> _Task item_: Print the listing as it stands, omitting all images.

> _Provided material_:
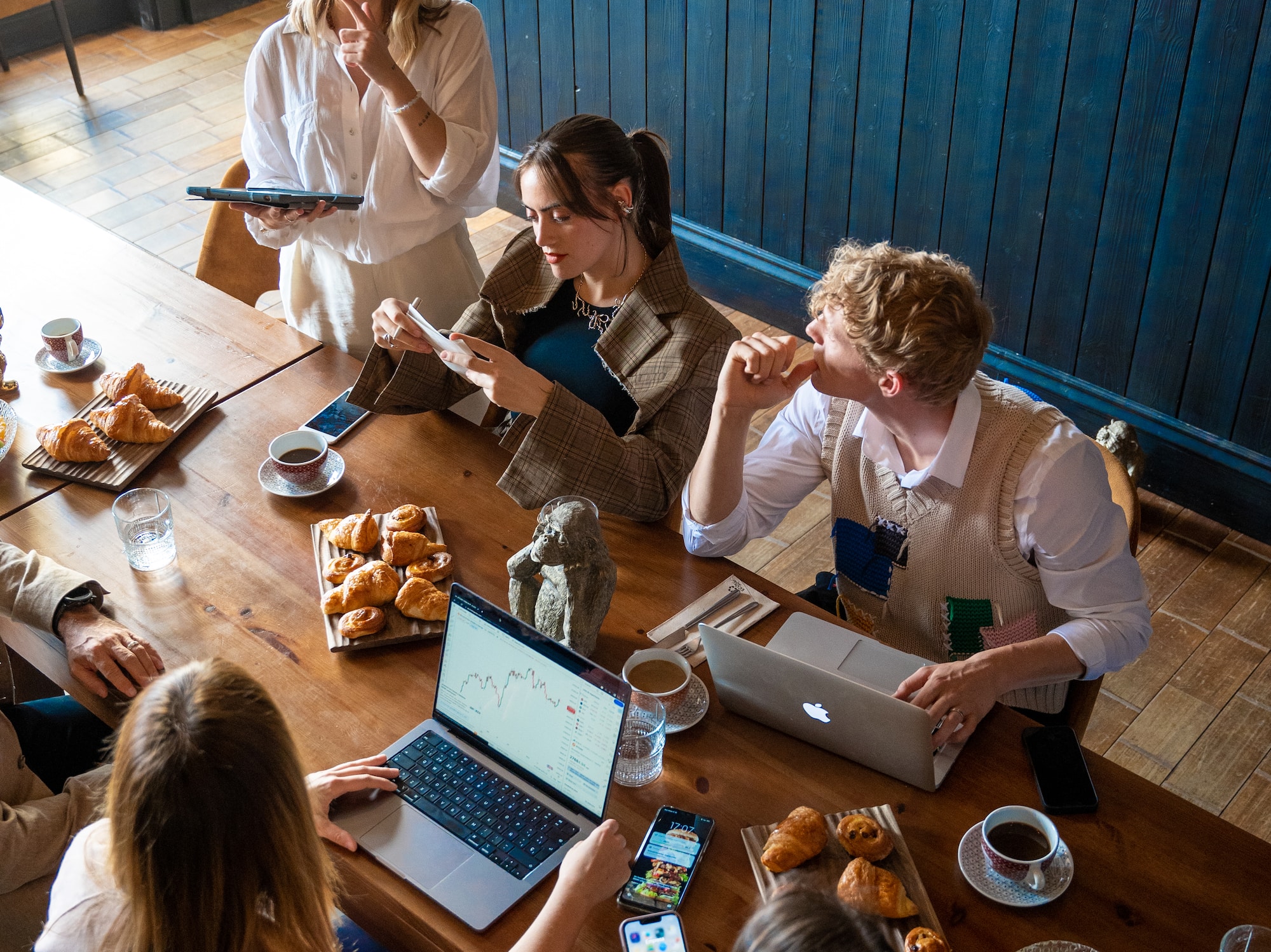 a group of people around a table with laptops and food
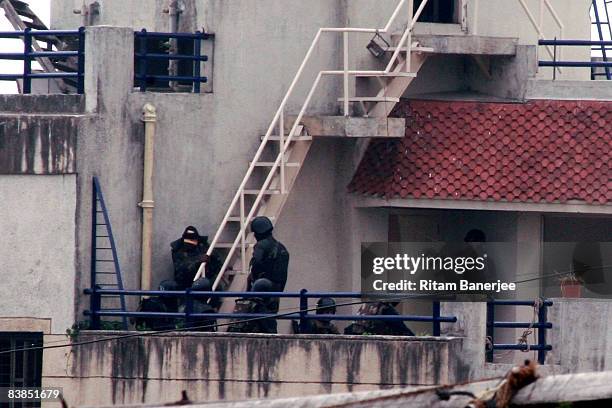 Military keep watch on the Nariman House in the Colaba Market Area on November 28, 2008 in Mumbai, India. Following terrorist attacks on three...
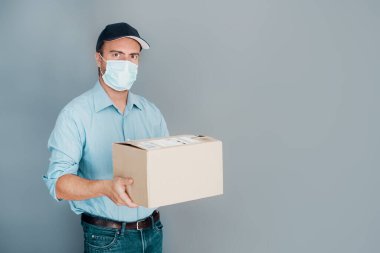 Teslimatçı portresi gri arka planda, maske takıyor.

> _Problem solution_:
 a group of people around a table with laptops and food
 Military keep watch on the Nariman House in the Colaba Market Area on November 28, 2008 in Mumbai, India. Following terrorist attacks on three...
 Teslimatçı portresi gri arka planda, maske takıyor.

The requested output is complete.